Le 4 novembre, Mata Hari touche son chèque, expédié par sa domestique chez le consul des Pays-Bas à Paris. Le lendemain, elle prend le train pour Madrid. Sur place, l’attaché militaire allemand von Kalle lui remet encore une somme de 3.500 pesetas. Enfin, le même attaché, dans un radiogramme à ses chefs, les informe que, dès son imminent retour à Paris, «l’agent H. 21 désire recevoir, sans délai, par l’intermédiaire de sa domestique Anna Lintyens, du consul d’Allemagne à Amsterdam et du consul de Hollande à Paris, un autre chèque de 5.000 francs». Le 9, le bateau de Mata Hari ? qui est en route pour la France ? est dérouté sur Falmouth par les Britanniques; elle est interrogée par la «Special Branch» de «Scotland Yard». Le C.E. semble la prendre pour une certaine Clara Bénédix, autre espionne ennemie… Elle confie aux enquêteurs qu’elle fait partie des services secrets belges et français.

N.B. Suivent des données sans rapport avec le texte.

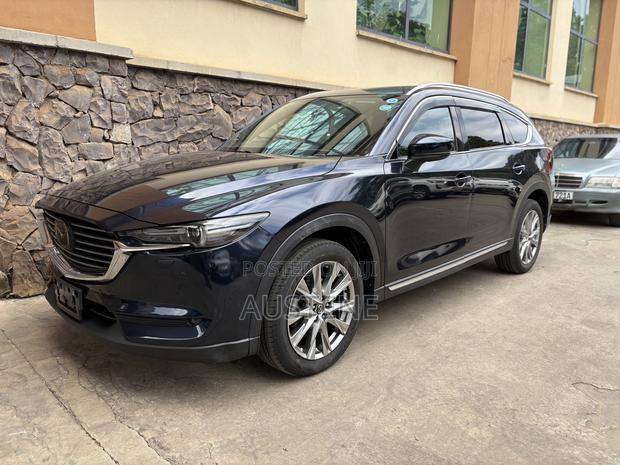 Mazda CX-8 2.2 AWD (6 seater) 2018 Blue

Consulté par télégraphe, Ladoux nie connaître la danseuse et demande à ce qu’elle soit refoulée vers l’Espagne. Le 21, Mata Hari quitte Liverpool; elle arrive à Madrid le 8 décembre. Sur place, elle est en permanence suivie par des agents de la Sûreté. Elle écrit à Ladoux pour lui raconter ses déboires, puis à Kalle, l’attaché allemand; elle sollicite de ce dernier une entrevue, qu’elle obtient. Elle lui fournit de faux renseignements et lui demande encore 10.000 francs (que Kalle ne lui verse pas). En soirée, elle envoie un compte-rendu à Ladoux.

 

Le 11, la danseuse confie au Colonel Denvignes - attaché militaire français à Madrid ? qu’elle travaille pour le S.R. français et lui raconte sa visite chez Kalle. Deux jours plus tard, l’attaché allemand entame un curieux échange de télégrammes avec Berlin… S’il rend compte de ses tractations avec Mata Hari et demande des instructions, il utilise un code secret périmé que le service secret allemand sait avoir été percé par les Français. Par ailleurs, sans nommer expressément Marguerite Zelle, il donne une série de détails permettant à des enquêteurs de pouvoir remonter jusqu’à elle. Or, ces messages, captés par la station TSF de la Tour Eiffel, serviront ultérieurement à confondre l’espionne… Le 13, Kalle en expédie deux. Le 23, un troisième télégramme est également intercepté par les Français: d’autres indices sont encore mis à la disposition du C.E; le plus fort, c’est qu’il arrive à Kalle en provenance du ministère des affaires étrangères de Berlin!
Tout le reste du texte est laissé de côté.